Abigail R. Moncrieff (Cleveland State University – Cleveland State University College of Law) has posted The Uncertainty Principle: A Reconceptualization of American Substantive Rights on SSRN. Here is the abstract:

One of the most persistent puzzles in constitutional jurisprudence is how to cabin the set of protected liberties. The Constitution is explicit that enumerated rights are not the only ones “retained by the people,” but the document provides no guidance as to how the Court—or anyone else—should determine which unenumerated rights ought to be protected. The rise of the “history and tradition” test in Dobbs lends renewed urgency to this puzzle. Originalism risks ossification of the racist and sexist landscape that characterized 1791 and 1868 America. This Article offers an alternative limiting principle that can cabin the concept of liberty without resort to history, tradition, or general law. The principle, instead, is grounded in uncertainty. The Article first derives an uncertainty principle from John Stuart Mill and Harriet Taylor Mill’s On Liberty. While the Mills’ treatise is best known for its so-called “harm principle,” I argue—based on a close reading of the Mills’ writings—that “harm,” to the Mills, was merely an imperfect proxy for technocratic certainty as to net costs.

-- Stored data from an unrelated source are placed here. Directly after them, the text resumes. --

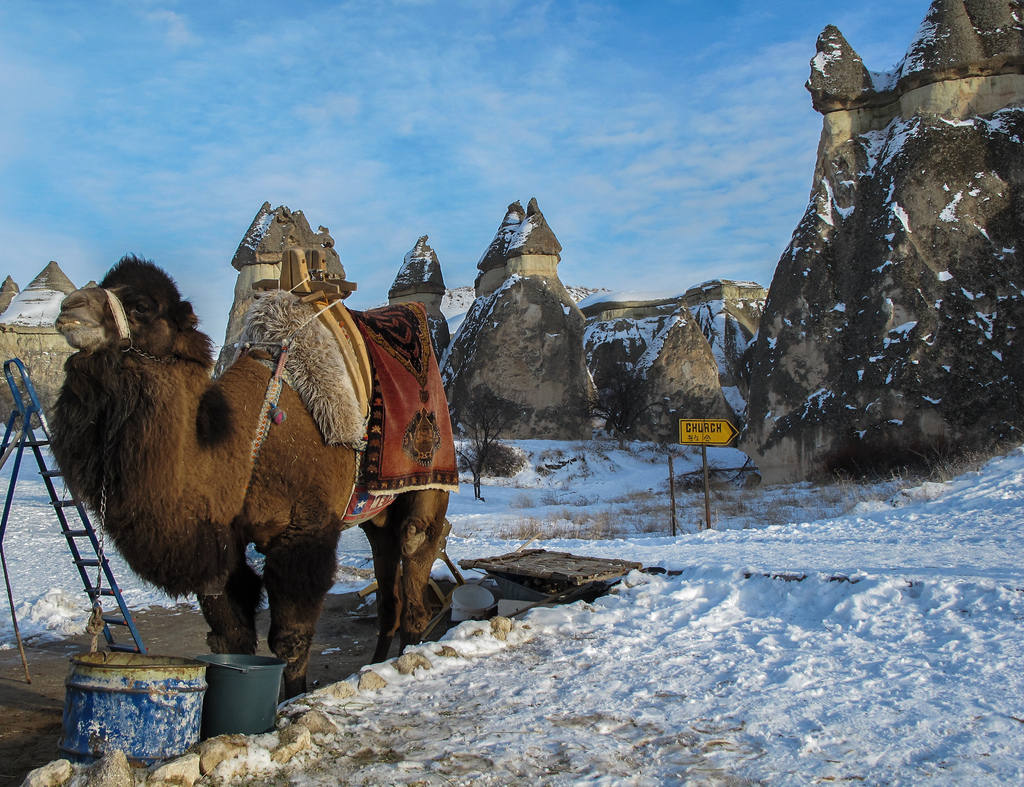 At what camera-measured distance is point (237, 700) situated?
11.6 feet

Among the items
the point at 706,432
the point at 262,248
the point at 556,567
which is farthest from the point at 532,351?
the point at 556,567

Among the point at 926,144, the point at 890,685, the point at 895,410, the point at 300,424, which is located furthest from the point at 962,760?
the point at 926,144

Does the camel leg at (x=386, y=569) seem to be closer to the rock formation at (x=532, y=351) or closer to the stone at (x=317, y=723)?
the stone at (x=317, y=723)

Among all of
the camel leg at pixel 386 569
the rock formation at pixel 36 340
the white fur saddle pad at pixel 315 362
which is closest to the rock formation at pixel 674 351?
the rock formation at pixel 36 340

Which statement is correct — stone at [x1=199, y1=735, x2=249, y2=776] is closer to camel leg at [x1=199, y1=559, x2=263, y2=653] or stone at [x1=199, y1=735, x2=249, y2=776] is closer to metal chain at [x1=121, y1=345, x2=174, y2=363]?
camel leg at [x1=199, y1=559, x2=263, y2=653]

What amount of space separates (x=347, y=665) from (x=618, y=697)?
290cm

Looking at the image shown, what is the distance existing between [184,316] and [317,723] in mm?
2038

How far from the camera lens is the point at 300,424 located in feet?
15.2

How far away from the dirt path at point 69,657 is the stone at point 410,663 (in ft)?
4.50

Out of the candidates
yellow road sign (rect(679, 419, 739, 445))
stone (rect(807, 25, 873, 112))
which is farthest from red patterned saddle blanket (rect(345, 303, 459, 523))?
stone (rect(807, 25, 873, 112))

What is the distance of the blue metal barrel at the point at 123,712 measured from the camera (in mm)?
3158

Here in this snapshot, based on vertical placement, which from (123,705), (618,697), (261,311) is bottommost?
(618,697)

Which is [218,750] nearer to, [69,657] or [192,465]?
[192,465]

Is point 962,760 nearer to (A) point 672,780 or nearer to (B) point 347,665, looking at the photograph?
(A) point 672,780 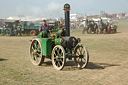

In the Mills’ own words, their ideal society was one that “leaves the freedom and choice of individuals in all uncertain matters undisturbed, and only requires them to abstain from modes of conduct which universal experience has condemned.” The Article then uses the Mills’ uncertainty principle to describe modern constitutional liberty. The uncertainty principle, I argue, explains (1) the otherwise-troubling exclusion of “social and economic rights” from the American constitution, (2) the entrenchment of religious freedom and the freedom of speech in American constitutionalism, (3) the nearly-unanimous but hard-to-defend scholarly view that Lochner was wrongly decided while Griswold was rightly decided, and (4) why abortion and guns present hard cases. Ultimately, I argue, the uncertainty principle does a remarkably good job of describing many current constitutional doctrines and practices, and it provides a workable limiting principle to cabin the scope of protected liberty without regressing our rights to those protected in 1868 or 1791.